The Khumbu Icefall is on pretty good condition this year. Other than the recce we had on the 22nd Apr this was the first time the team had been all the way through it and, thanks to the 3 week trekking and acclimatisation schedule, everyone made it through to Camp 1 in great time, even though they were carrying reasonable loads.

We arrived between 9 and 10, having departed at 5a.m. and chilled for the rest of the day. When I say ‘chilled’ I mean rested in our tents with the doors open trying to get any breeze there may be and with sleeping bags over the tops of the tents to try and create some shade. It’s absolutely baking at C1 … until the sun goes down.

The next day saw most of us go for a mooch along the trail towards C2 to gain a little height and then back to C1 again. Thankfully the second day at C1 was a little cooler with a smidgen of a breeze so was a little more tolerable.

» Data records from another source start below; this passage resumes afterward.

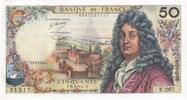 France 1975 50 Francs Racine 06-03-1975 - Serial E.267 AU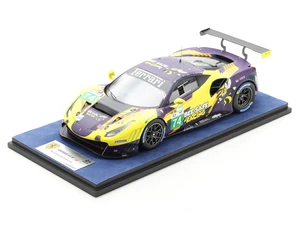 Ferrari 488 GTE Evo 74 Felipe Fraga - Sam Bird - Shane van Gisbergen "Riley Motorsports" GTE Pro "24 Hours of Le Mans" (2022) 1/18 Model Car by LookS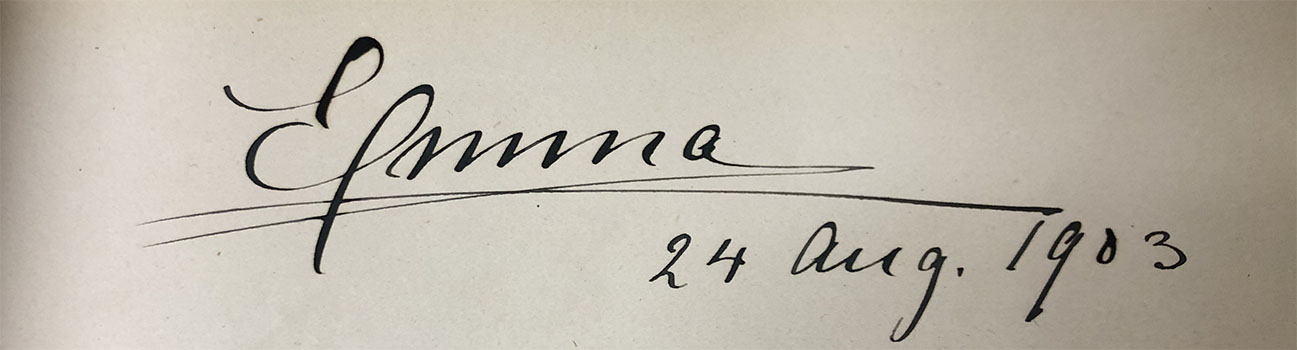 Handtekening van Emma, 24 Aug 1903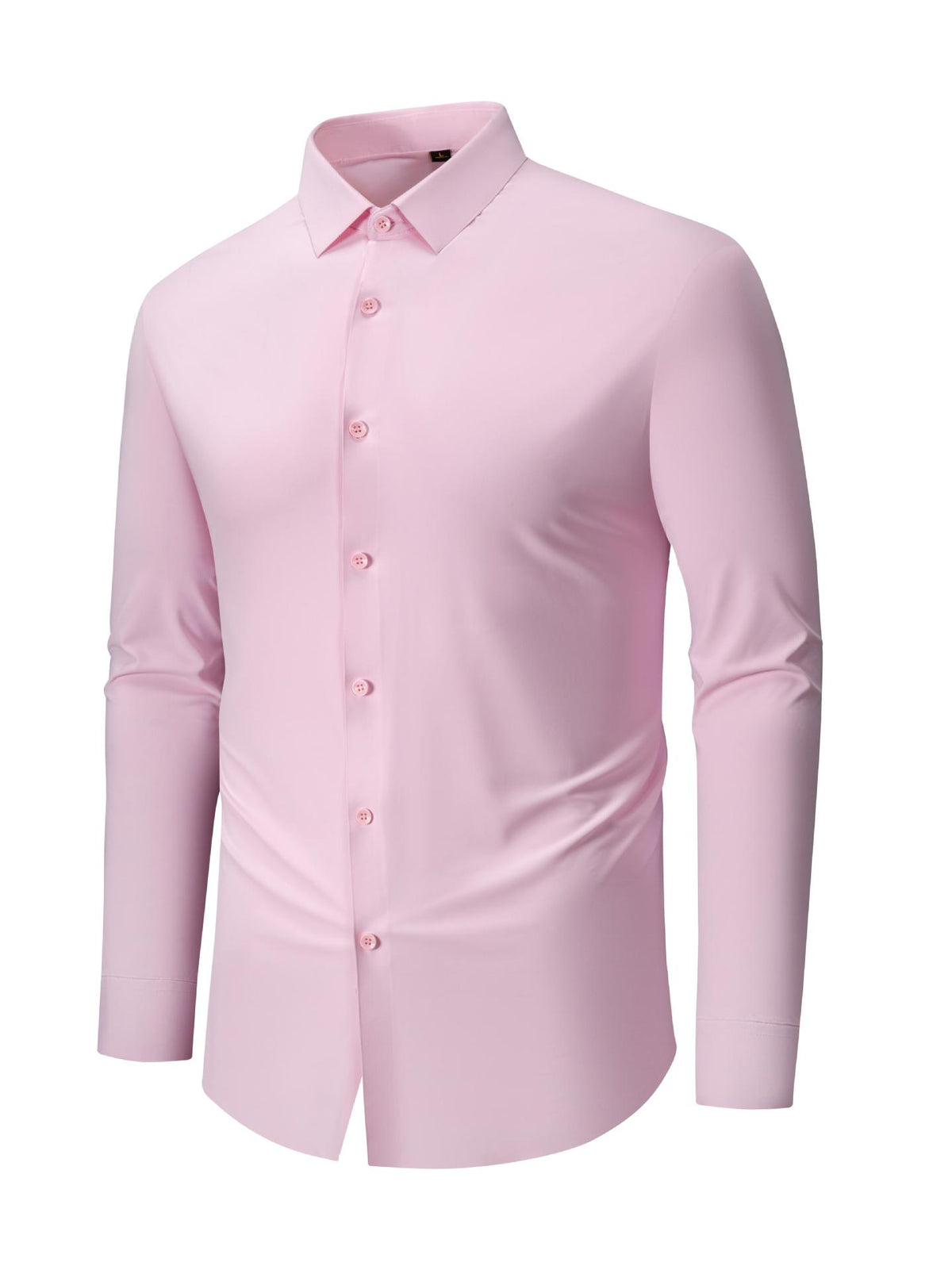 Jiana Amazon Bestseller Plus Taille Stretch sans ride chemise pour homme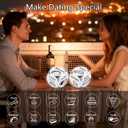 2 x Food Decision Dice for Date Night Funny Gag Gifts for Boyfriend Girlfriend for Mom Husband Wife, Anniversary Birthday Gift, Wedding Fathers Day Stocking Stuffers for Men Women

As we were setting off to C2 on the 3rd morning a tent next to ours went up in flames. I went over to assist as much as I could and doused the burning gas canister in snow. Thankfully no one was hurt but the three occupants (one of whom was still inside the tent (and still in her sleeping bag!)) were clearly very shaken by the episode. A very close call.

Anyway we then mozzied on to Camp 2 which is situated at around 6,400m and the journey was over and done with in around an hour and a half to two hours. It’s a gradual incline with a few ladders to cross but in the great scheme of things it’s an easy(ish) day – as long as you start early or you get frazzled as the temperature quickly goes from -20 to +30 when the sun comes up.

At Camp 2 we have a cook crew, a kitchen tent and a dining tent. So most of the rest of the day was spent playing cards and chilling.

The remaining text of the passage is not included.